There is a lot of talk lately by moderates about being inclusive while at the same time being “compatibilist.” Social media is awash with rainbows and declarations of “I stand with LGBTQ United Methodists” while at the same time spitting and cursing the destruction of the big tent of United Methodism.
It raises a question for Moderates: What is your vision of an inclusive church that includes traditionalists? They want a big tent but even big tents need tent poles.
We all agree that Jesus Christ is the center of the church. But what does that mean in this historical moment?

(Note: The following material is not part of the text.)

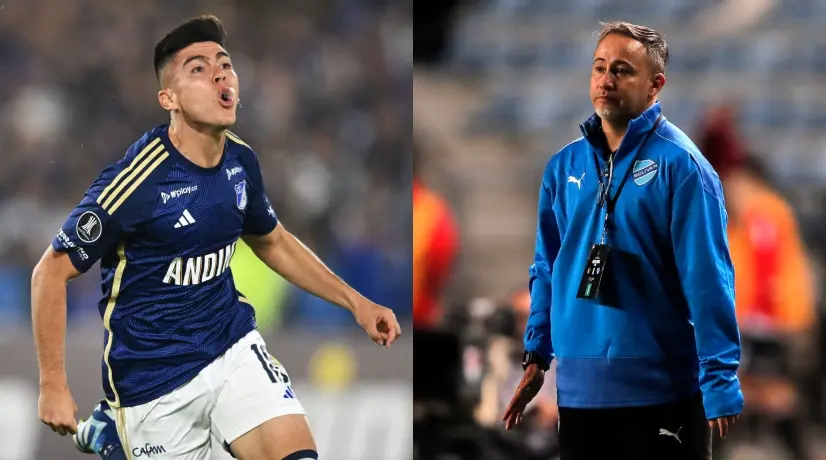 Millonarios vs. Bolívar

As a progressive, I believe that our allegiance to Jesus Christ demands our full inclusion of LGBTQ believers. This is a non-negotiable. Here is how I explained it in my sermon on March 3 [hear the full sermon]:
Because the Holy Spirit confirms queer believers, we must embrace them fully and completely. They must be offered all the rites of the church—the rite of marriage to live out their faith in covenant relationships and the rite of ordination so they can fulfill what God has called them to do.
In the new Methodism, the debate is over. There is no place anymore for equivocating on this issue. For forty seven years we have argued and studied and fussed about this. For forty seven years General Conference has turned against this notion. And for forty seven years our LGBTQ kin have been inflicted with that pain. In a new Methodism the pain ends. It is beyond debate.
Now that may sound like I am violating the very notion of inclusion because the argument goes that if you are going to be inclusive you should include people who do not agree with you.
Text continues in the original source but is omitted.